The change in presidential administration appears to have had little effect on FCA activity. DOJ continued its pursuit of individual owners and executives of private corporations under the FCA. It entered into numerous settlements wherein individuals agreed to joint and several liability with their company. DOJ also obtained over $60 million in FCA settlements and judgments with individuals that did not involve joint and several liability with the corporate entity. Also, the number of new FCA actions in FY 2017 remained high with relators bringing 674 new qui tam matters and DOJ initiating 125 matters on its own. Of the $3.7 billion recovery, $3.4 billion related to suits initiated by whistleblowers, and over $3 billion of that came from suits where the government either intervened or otherwise pursued the matter. These numbers are consistent with the prior five years and suggest that the FCA will remain an active area for investigations and litigation in 2018.

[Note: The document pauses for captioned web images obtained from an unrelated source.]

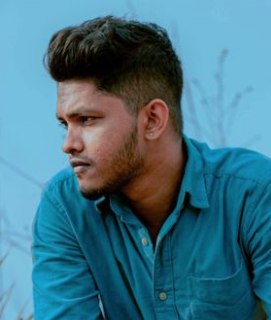 Ananthakrishnan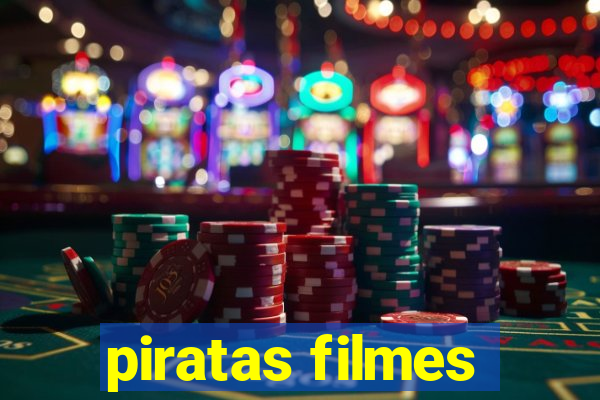 piratas filmes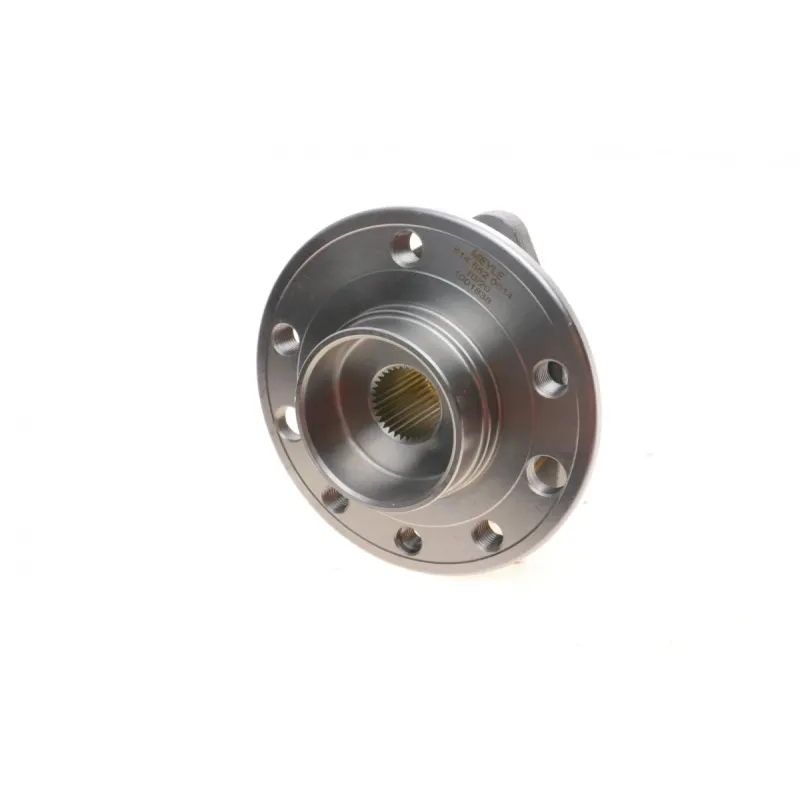 Підшипник маточини передній MEYLE 614 652 0014 для Opel Astra H/Zafira B 2005-, 137 мм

On May 16, 2017, the Fourth Circuit issued a decision in United States ex rel. Omar Badr v. Triple Canopy, holding that the Government had properly alleged an implied certification claim under the standard articulated by the Supreme Court in Universal Health Servs. v. United States ex rel. Escobar, 136 S. Ct. 1989 (2016). In the eleven months following the Supreme Court’s landmark ruling on the implied certification theory of liability, Escobar has been cited in nearly 100 court opinions. (Our recent Feature Comment in the Government Contractor highlights some of the key cases and developing trends).
In Badr, the relator alleges that a security contractor responsible for ensuring the safety of an air base in a combat zone employed Ugandan guards who were unable to meet the required marksmanship scores on a U.S. Army qualification course. According to the relator, Triple Canopy knowingly falsified marksmanship scorecards and presented claims to the government for payment for those guards.